Abdullah was nearly killed by the Ikhwan. He was only saved when Zeid Ibn Shakir, father of a future Jordanian general, provided him a horse and camel for escape.

(It is interesting to note that both Hussein and Ibn Saud were funded by different British departments - thus at Turubah the Foreign Office and India Office were in essence "at war" with each other.)

== Aftermath ==

The victory sent shockwaves throughout Mecca, Medina, Jeddah, London, and Cairo. The British consul general in Jeddah sent a note to Ibn Saud, demanding he withdraw his forces from Turubah and Khurmah and return to the Najd.
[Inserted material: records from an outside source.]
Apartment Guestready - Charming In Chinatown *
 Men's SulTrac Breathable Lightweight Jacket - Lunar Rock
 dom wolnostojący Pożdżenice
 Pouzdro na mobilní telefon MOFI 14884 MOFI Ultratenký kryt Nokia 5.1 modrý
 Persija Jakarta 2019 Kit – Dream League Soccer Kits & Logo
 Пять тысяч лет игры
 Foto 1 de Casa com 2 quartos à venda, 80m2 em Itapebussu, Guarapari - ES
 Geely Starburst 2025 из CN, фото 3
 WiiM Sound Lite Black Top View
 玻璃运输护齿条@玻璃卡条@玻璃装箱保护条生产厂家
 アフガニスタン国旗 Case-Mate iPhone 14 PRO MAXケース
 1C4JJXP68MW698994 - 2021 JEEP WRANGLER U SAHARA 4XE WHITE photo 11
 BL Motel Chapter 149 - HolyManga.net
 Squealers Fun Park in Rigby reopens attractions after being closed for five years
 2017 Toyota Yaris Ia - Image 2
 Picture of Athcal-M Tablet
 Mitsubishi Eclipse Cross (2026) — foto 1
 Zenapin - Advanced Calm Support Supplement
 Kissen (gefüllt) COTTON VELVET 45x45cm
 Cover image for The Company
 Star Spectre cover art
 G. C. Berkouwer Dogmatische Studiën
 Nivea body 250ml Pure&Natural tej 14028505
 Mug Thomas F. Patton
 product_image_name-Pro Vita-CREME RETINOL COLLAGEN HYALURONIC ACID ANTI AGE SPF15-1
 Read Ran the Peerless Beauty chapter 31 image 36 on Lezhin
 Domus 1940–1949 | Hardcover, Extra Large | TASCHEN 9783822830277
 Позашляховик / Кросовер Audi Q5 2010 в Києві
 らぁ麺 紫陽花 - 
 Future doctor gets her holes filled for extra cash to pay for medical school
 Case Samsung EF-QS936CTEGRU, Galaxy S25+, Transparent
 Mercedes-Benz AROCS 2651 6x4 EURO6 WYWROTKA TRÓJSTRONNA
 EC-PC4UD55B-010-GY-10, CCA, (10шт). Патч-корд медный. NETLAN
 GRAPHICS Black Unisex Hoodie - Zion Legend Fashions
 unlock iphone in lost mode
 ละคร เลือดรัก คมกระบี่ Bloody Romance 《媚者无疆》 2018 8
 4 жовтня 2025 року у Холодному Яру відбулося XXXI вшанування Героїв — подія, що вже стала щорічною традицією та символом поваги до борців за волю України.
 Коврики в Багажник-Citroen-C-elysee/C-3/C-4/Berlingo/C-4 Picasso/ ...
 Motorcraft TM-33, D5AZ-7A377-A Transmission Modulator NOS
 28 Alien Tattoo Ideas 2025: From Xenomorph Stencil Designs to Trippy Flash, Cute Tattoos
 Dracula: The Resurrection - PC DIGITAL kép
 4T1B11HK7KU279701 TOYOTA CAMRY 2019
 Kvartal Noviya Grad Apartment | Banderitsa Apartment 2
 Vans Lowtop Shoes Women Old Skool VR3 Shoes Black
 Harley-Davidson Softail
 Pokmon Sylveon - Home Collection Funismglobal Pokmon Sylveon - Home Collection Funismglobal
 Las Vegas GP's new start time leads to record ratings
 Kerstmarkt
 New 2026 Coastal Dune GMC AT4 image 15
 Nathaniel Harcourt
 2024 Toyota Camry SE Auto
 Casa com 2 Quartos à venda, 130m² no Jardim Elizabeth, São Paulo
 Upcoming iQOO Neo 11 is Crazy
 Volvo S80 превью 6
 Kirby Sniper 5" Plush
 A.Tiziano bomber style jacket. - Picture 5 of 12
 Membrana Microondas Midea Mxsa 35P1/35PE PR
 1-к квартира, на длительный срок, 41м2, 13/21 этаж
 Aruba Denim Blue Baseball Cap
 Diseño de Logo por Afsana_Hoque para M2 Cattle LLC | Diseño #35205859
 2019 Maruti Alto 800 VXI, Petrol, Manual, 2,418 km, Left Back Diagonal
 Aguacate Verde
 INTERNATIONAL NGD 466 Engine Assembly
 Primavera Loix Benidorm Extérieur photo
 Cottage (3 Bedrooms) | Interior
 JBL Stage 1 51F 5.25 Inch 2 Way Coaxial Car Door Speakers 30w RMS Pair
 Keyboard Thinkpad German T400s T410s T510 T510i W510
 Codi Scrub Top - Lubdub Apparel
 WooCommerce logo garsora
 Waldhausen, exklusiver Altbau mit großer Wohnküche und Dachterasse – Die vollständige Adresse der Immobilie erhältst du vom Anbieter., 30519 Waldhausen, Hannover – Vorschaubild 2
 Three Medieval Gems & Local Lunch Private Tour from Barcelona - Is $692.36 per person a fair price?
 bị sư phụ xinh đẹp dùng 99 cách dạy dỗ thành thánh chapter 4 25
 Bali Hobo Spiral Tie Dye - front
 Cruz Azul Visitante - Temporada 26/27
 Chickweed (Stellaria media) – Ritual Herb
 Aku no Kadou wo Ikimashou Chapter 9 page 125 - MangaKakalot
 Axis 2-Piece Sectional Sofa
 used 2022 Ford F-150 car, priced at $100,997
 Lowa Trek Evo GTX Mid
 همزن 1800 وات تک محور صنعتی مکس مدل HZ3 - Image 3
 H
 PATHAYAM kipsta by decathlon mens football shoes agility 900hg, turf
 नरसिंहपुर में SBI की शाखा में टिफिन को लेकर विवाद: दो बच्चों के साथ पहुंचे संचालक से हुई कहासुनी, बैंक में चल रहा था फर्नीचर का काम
They even went so far as to threaten to void all agreements if he invaded the Hejaz. Despite the eagerness of the Ikhwan fighters to press onward, Ibn Saud chose to maintain his hold on Turubah and Khurmah. General Edmund Allenby, high commissioner in Cairo, had six biplanes shipped to Jeddah to defend the Hejaz. However, he was advised that if the pilots were captured in Ibn Saud's territory, they would be "cut to pieces", and so he kept them crated. In the years following, the British would lose interest in supporting Hussein and stopping Ibn Saud, leading Princess Modah, Ibn Saud's granddaughter, to later remark that the British had asked Ibn Saud to stop fighting after the Battle of Turubah, but now "are the source of his warlike power in money and weapons".

The effect of the battle was even worse on Hussein. He fell ill after hearing the news, and blamed his son. He became obsessed with seeking revenge on Ibn Saud. Instead of preparing to defend the Hejaz, he sought further expansion by demanding from T. E. Lawrence that the British grant him complete control of Iraq, Palestine, and the Transjordan. Another of Hussein's sons, Ali bin Hussein, would rule in the Hejaz after his father fled to the Transjordan. This proved short-lived: Ibn Saud would launch an offensive, taking Mecca and Jeddah in 1925. In 1926, he declared himself King of Hejaz.